I am running a series of different jobs using Python/Spark, one at a time. To avoid the creation of SparkContex each time, which takes a while, I want to send the context as a parameter to each job. On top of that I want the manager (The code that creates the context and runs the jobs) to have timeout mechanism.
I have a strange error on the first job run, after this it's disappear.
Traceback (most recent call last):
File "/usr/lib/python3.4/multiprocessing/process.py", line 254, in _bootstrap
self.run()
File "/usr/lib/python3.4/multiprocessing/process.py", line 93, in run
self._target(*self._args, **self._kwargs)

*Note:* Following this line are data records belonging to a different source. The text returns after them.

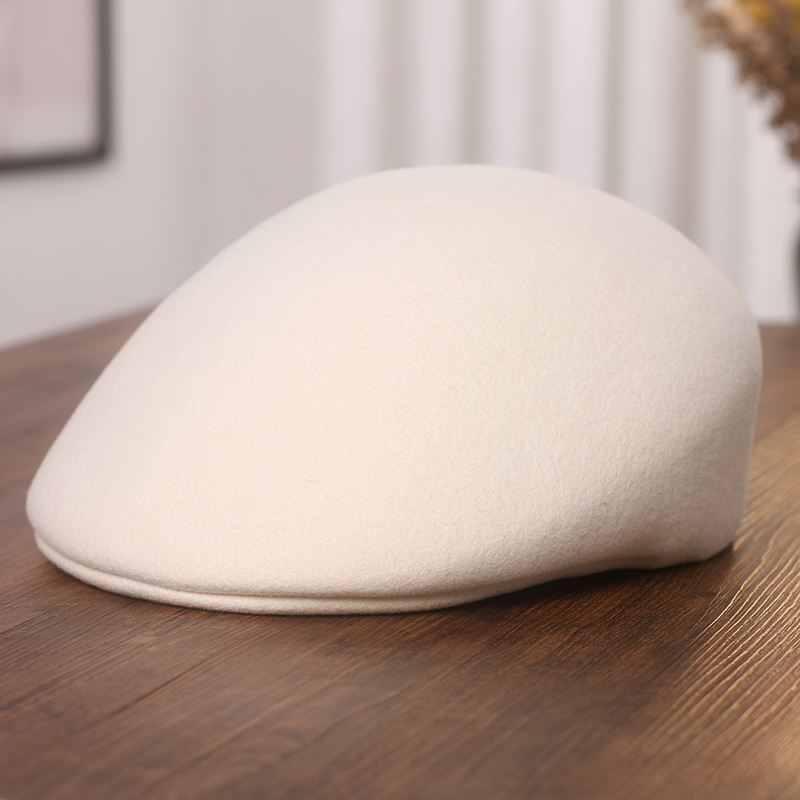 遐恋鸭舌帽贝雷帽女秋冬羊毛呢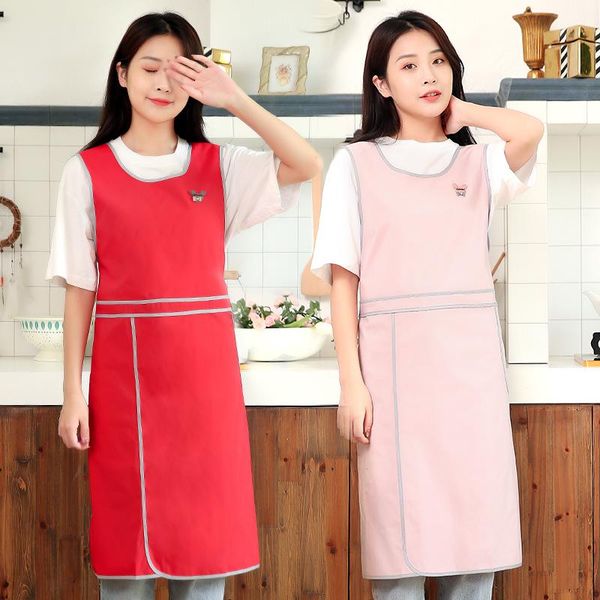 

vest-style apron household kitchen cooking waterproof and oil-proof cute japanese ladies fashion manicure beauty shop work aprons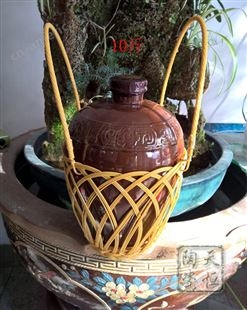 宜兴陶瓷酒坛 酒瓶 配套塑料酒篮 酒提竹篮1斤2斤3斤5斤10斤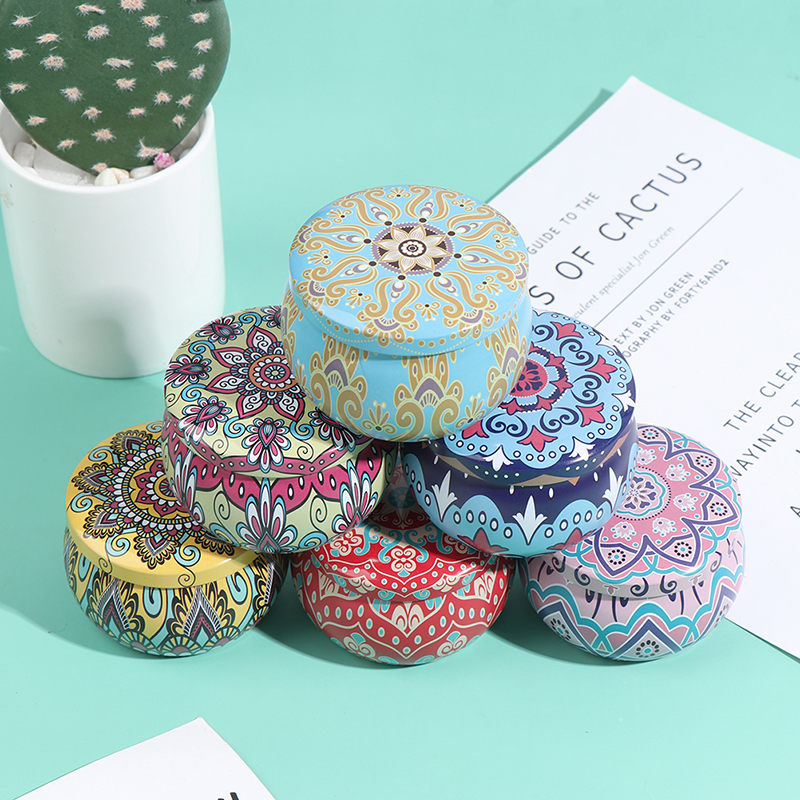 【Best value】 New Candy Box Drum-shaped Cookie Box Party Supply Tea Pot Tin Box Jewelry Box.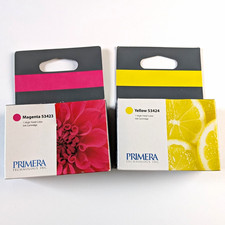 Primera Technology Inc. Magenta 53423 & Yellow 53424 High Yield Ink Cartridges picture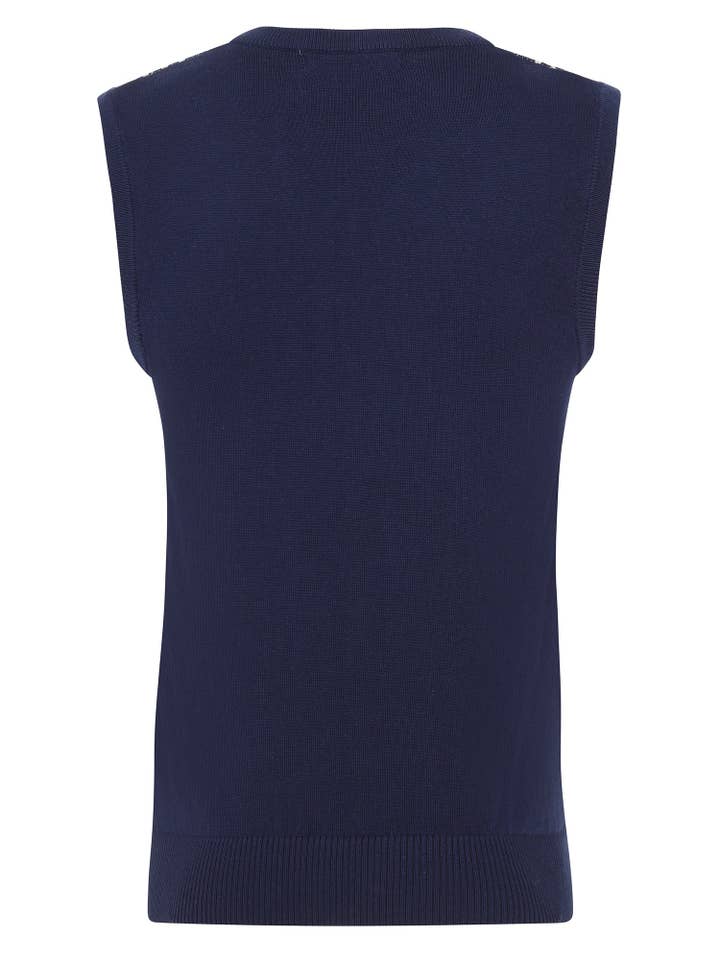 NAVY Alex Nautical Knitted Tank Top for wholesale on Faire3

File "/home/dev/ComponentEngine/components/ExampleComponent/ExampleComponent.py", line 35, in run
numbers = sparkContext.parallelize([1,2,3,4,5,6,7,8,9,10])
File "/home/dev/Programs/spark-1.4.1-bin-hadoop2.6/python/pyspark/context.py", line 395, in parallelize
readRDDFromFile = self._jvm.PythonRDD.readRDDFromFile
File "/home/dev/Programs/spark-1.4.1-bin-hadoop2.6/python/lib/py4j-0.8.2.1-src.zip/py4j/java_gateway.py", line 772, in __getattr__
raise Py4JError('{0} does not exist in the JVM'.format(name))
py4j.protocol.Py4JError: PythonRDD does not exist in the JVM
The code:
#!/bin/python3
import multiprocessing
from pyspark import SparkContext
def doJob(sc):
try:
sc.parallelize([1,2,3,4,5,6,7,8,9,10])
except Exception as e:
print('Got excpetion {}'.format(e))
def runWithTimeout(sc):
p = multiprocessing.Process(target=doJob, name="runWithTimeout", args=(sc))
p.start()
# Wait till the timeout
p.join(10)
if p.is_alive():
p.terminate()
p.join()
if __name__ == '__main__':
sc = SparkContext()
for i in range(3):
runWithTimeout(sc)
Why does this error appears?
Is there any problem to pass SparkContext this way? I know that it gets serialized and used by the process on the other end, And if the job performs any change to the context the copy of the engine won't get affected.
Is there any such change that would interfere the run of other jobs?